Pompeii City

Igor Mitoraj at Pompeii: Bronzes Among the Ruins

6 min readLast updated: 2026-06-29

A monumental fragmented bronze figure by Igor Mitoraj displayed among the ancient ruins of Pompeii

Igor Mitoraj and Pompeii

Igor Mitoraj (1944–2014) was a Polish sculptor famous for monumental bronze figures rendered in a classical style yet deliberately fragmented — broken faces, severed limbs, bandaged heads. In 2016 the Archaeological Park of Pompeii placed around thirty of his bronzes among the ruins for the exhibition Mitoraj. Pompeii, and several remain on long-term display, creating a striking dialogue between modern art and the ancient city.

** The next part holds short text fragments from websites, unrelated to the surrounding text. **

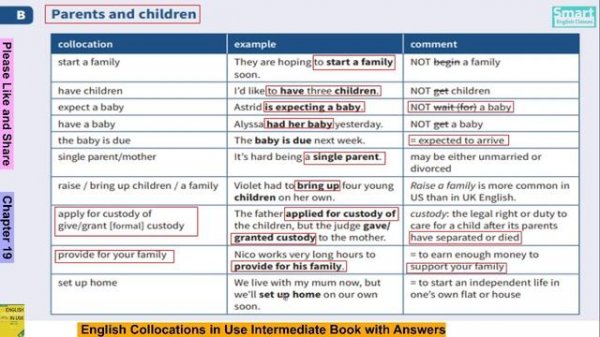 Chapter 19 | English Collocations in Use Intermediate Book: How Words Work Together for Fluency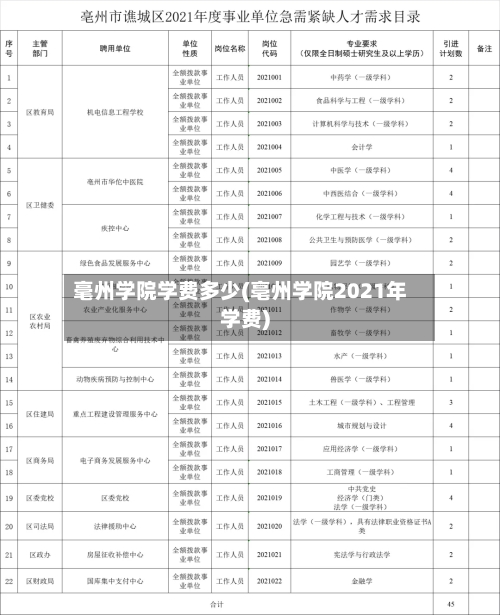 毫州学院学费多少(亳州学院2021年学费)-第1张图片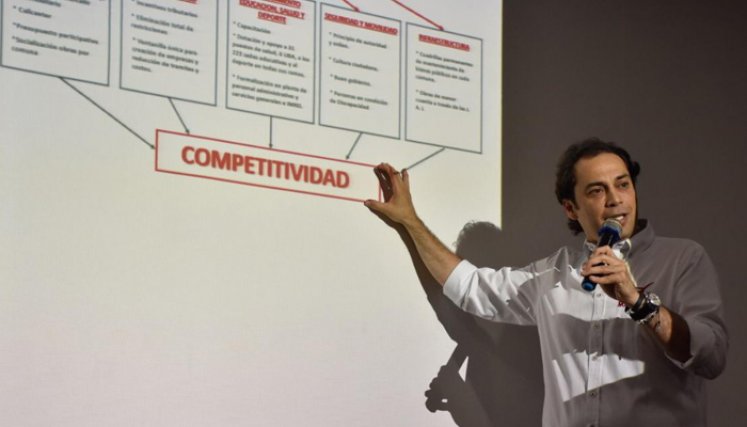 Jaime Marthey, defensor del pueblo.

The pairing was inspired. Mitoraj spent his career making sculture monumentali di Igor Mitoraj — colossal heads and torsos that look like they have survived two thousand years of weather and looting, missing arms, eyes, or whole sections of the body. Set among the genuine ruins of a city that really did lie buried for seventeen centuries, his works no longer look like art about antiquity; they look like part of it.

The Sculptor and His Style

Born in Oederan, Germany, in 1944 and raised in Poland, Mitoraj trained as a painter before turning to sculpture. He eventually settled in Pietrasanta, the Tuscan town beside the Carrara quarries that has drawn sculptors since Michelangelo. There he developed the instantly recognisable language that made his name: heroic, idealised classical bodies and faces that are nonetheless fragmented and incomplete, as if excavated rather than created.

This was no accident. Mitoraj treated the broken state of ancient statuary — the lost noses, the headless torsos in every museum — not as damage but as meaning. His figures mourn the passage of time even as they celebrate the beauty of the classical form. That theme made Pompeii, the ultimate ruined city, the perfect stage.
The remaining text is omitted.